Servicemen of Ukrainian Military Forces move U.S.-made FIM-92 Stinger missiles and the other military assistance shipped from Lithuania to Boryspil Airport in Kyiv, on Feb. 13, 2022. (Sergei Supinsky/AFP via Getty Images)
The United States is working to overhaul its acquisition of certain high-end munitions which experts fear would be depleted in the event of a war with China.
U.S. Army officials are in the process of ramping up production to overcome challenges associated with replenishing domestic stockpiles of munitions that were either sold to Ukraine or which would be needed for a fight in the Indo-Pacific, according to Assistant Secretary of the Army Douglas Bush.
“Starting early last summer… we went through a deliberate effort to start planning for the production ramp-ups that are now underway,” Bush said during a March 3 talk at the Center for Strategic and International Studies (CSIS), a security-focused think tank.
“We are creating this production capacity, trying to create options for future decisions in terms of how much we’ll need. But if we don’t do the production ramp-ups we won’t have those choices to make in the first place.”
Bush said that the Army is “now in execution mode,” ramping up production to refill quickly draining stockpiles, but that production timelines for many munitions were complicated by complex supply chains and security requirements.
Moreover, Bush said, it was impossible to tell just what the United States’ stockpile needs would be in the future due to the open-ended nature of the war in Ukraine, but stocking requirements would likely be higher due to heightened international tensions.
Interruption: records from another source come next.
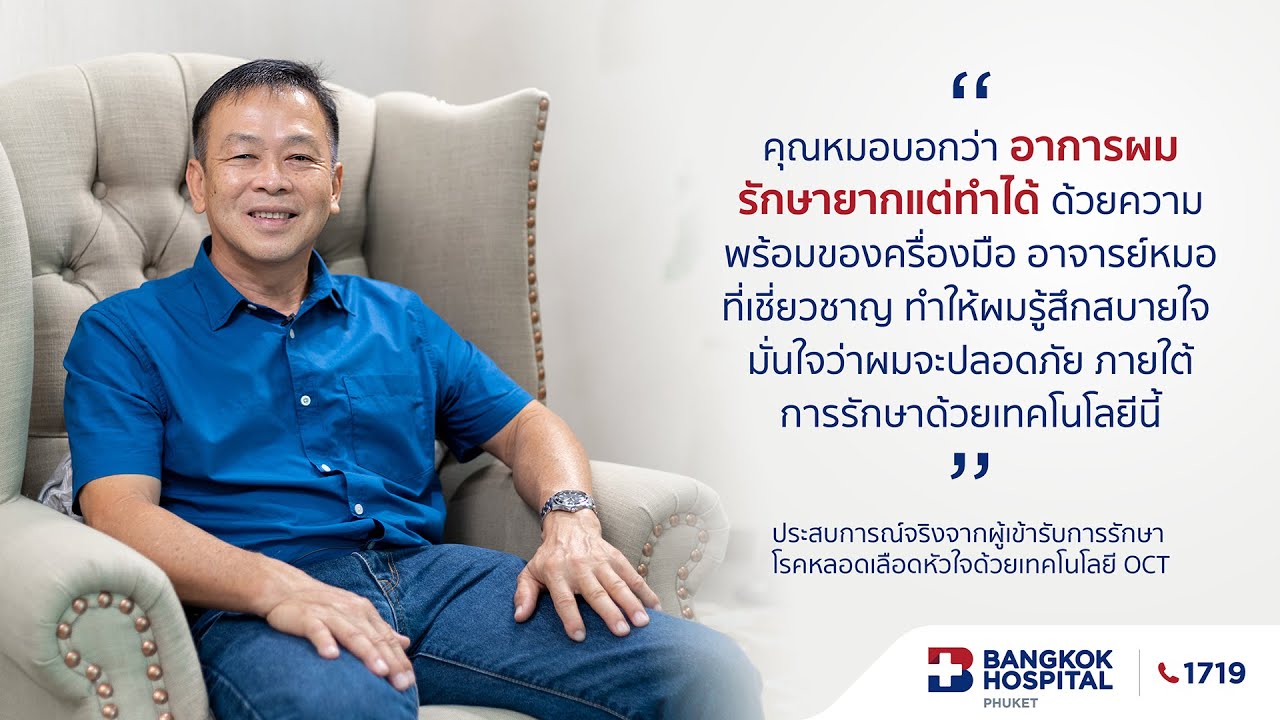 Doctor article image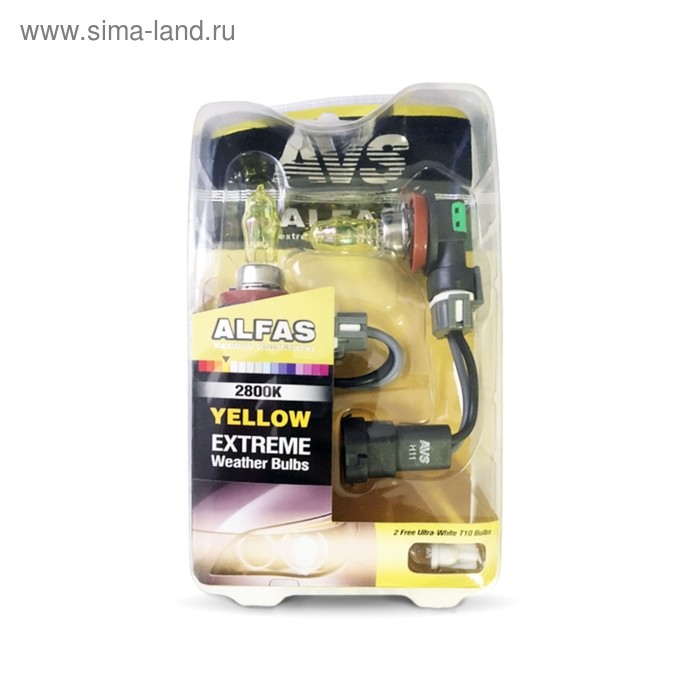 Лампа автомобильная AVS ALFAS Extrem Weather, 2800К, H11, 12 В, 85 Вт, + T10, набор 2 шт. - Фото 1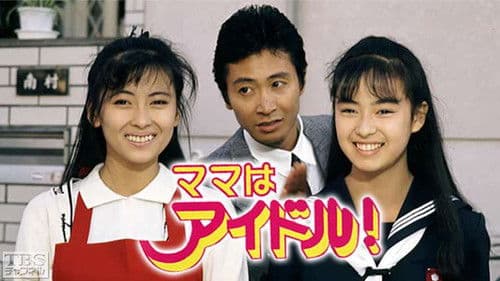 ママはアイドル Bild 1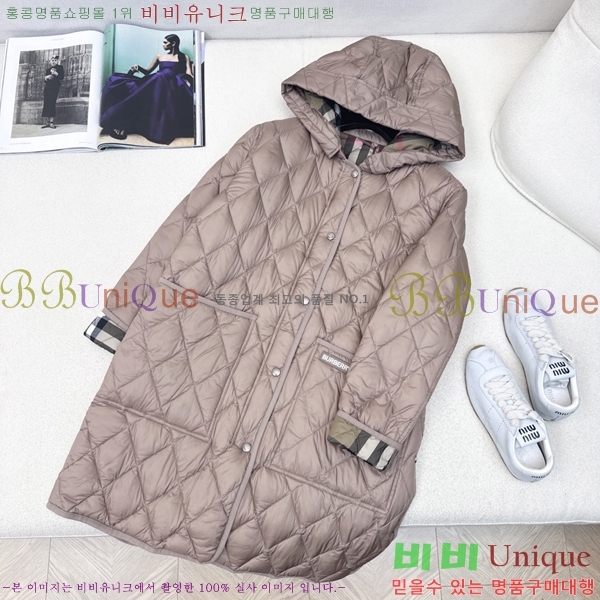 ���� ������ �е� ���� BU3467044-1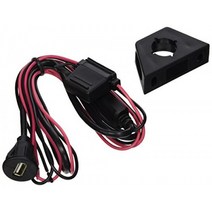 AXXESS USB 충전 포트 2.1A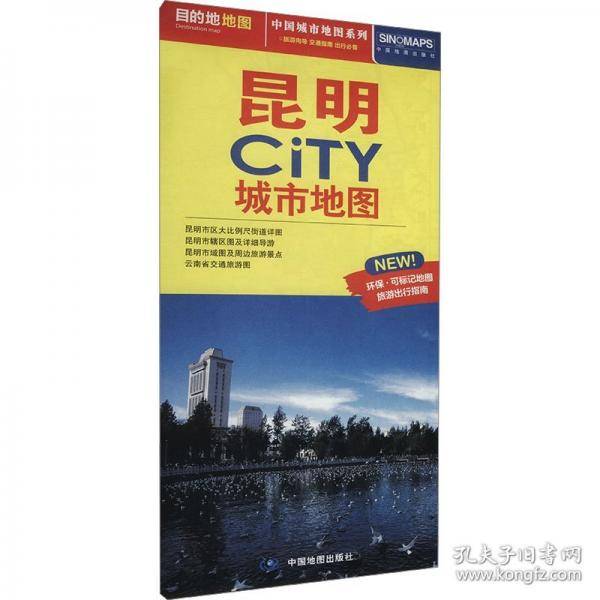 正版 中国城市地图系列 昆明CiTY城市地图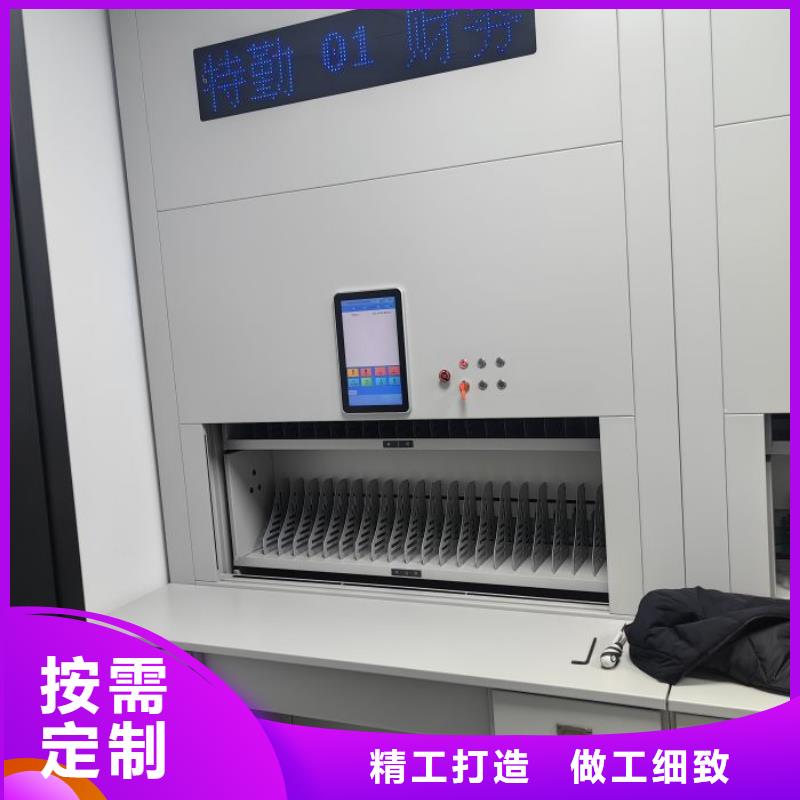 密集柜商家直供智能密集柜手动密集柜适用范围广-云商赢企
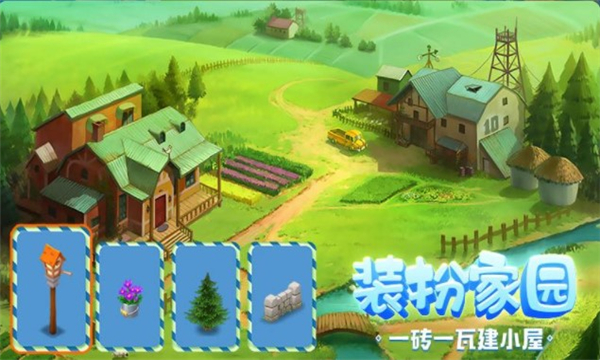 星猫大富翁手机版下载-星猫大富翁单机版下载 v1.1.0官方版 游戏截图 2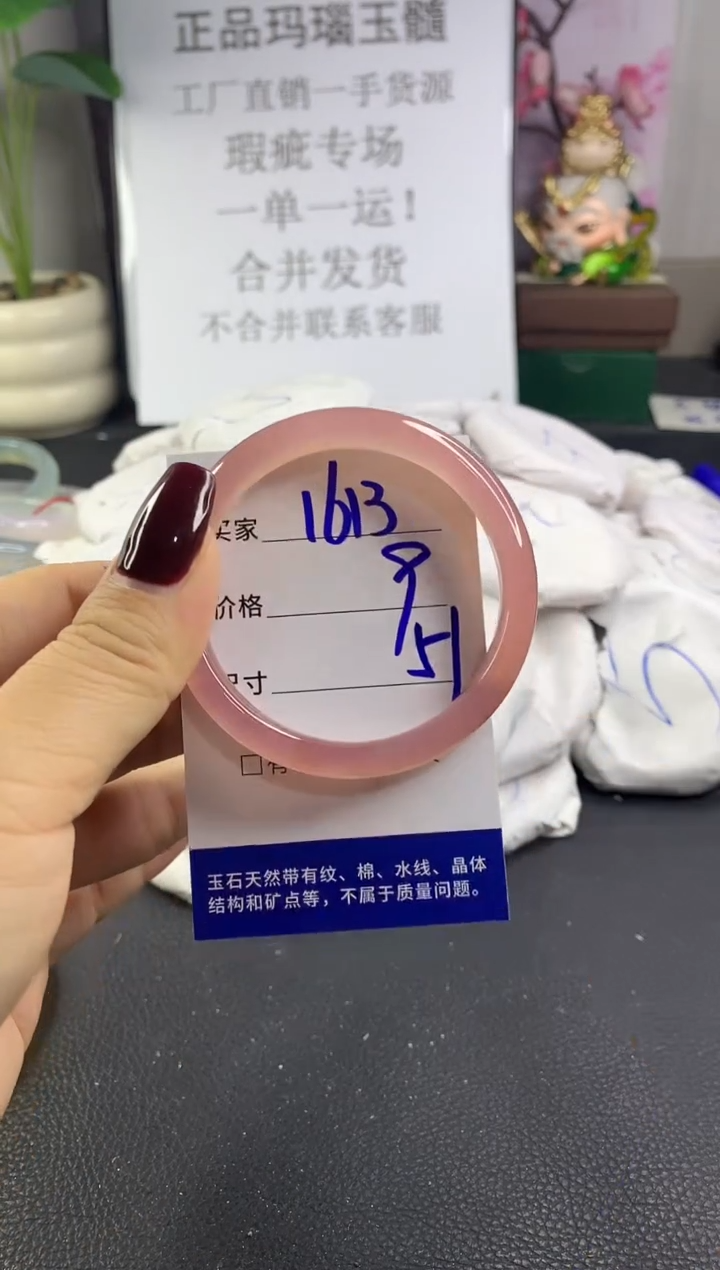 手镯玛瑙/玉髓未镶嵌1613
“The long-term challenge will be how much of that capacity can we sustain over time, post conflict,” Bush said.
“… We don’t know how long the conflict will last. We don’t know how low our stocks will be.”
To overcome the uncertainty and supply chain weaknesses, Bush said the United States was working closely with allies in Europe and elsewhere to create redundancies and increase production capacity.
“We have to have more than one source for these things and an allied source, that they sustain but we can draw on that’s just a total win-win,” Bush said.
“That’s all the democracies in the world working together to be a giant arsenal and not just us doing it.”
Still, Bush said, there were difficult problems that could not be overcome by simply expanding government production facilities.
The Army’s supply of precision munitions, also known as smart munitions, for example, are wholly produced by private companies that maintain their own supply chains.
“Our precision munitions production is all in the private sector,” Bush said.
As such, Bush said that the Army was working with the Biden administration to subsidize increases to private production, to increase production, which would otherwise be financed by the companies responsible for production.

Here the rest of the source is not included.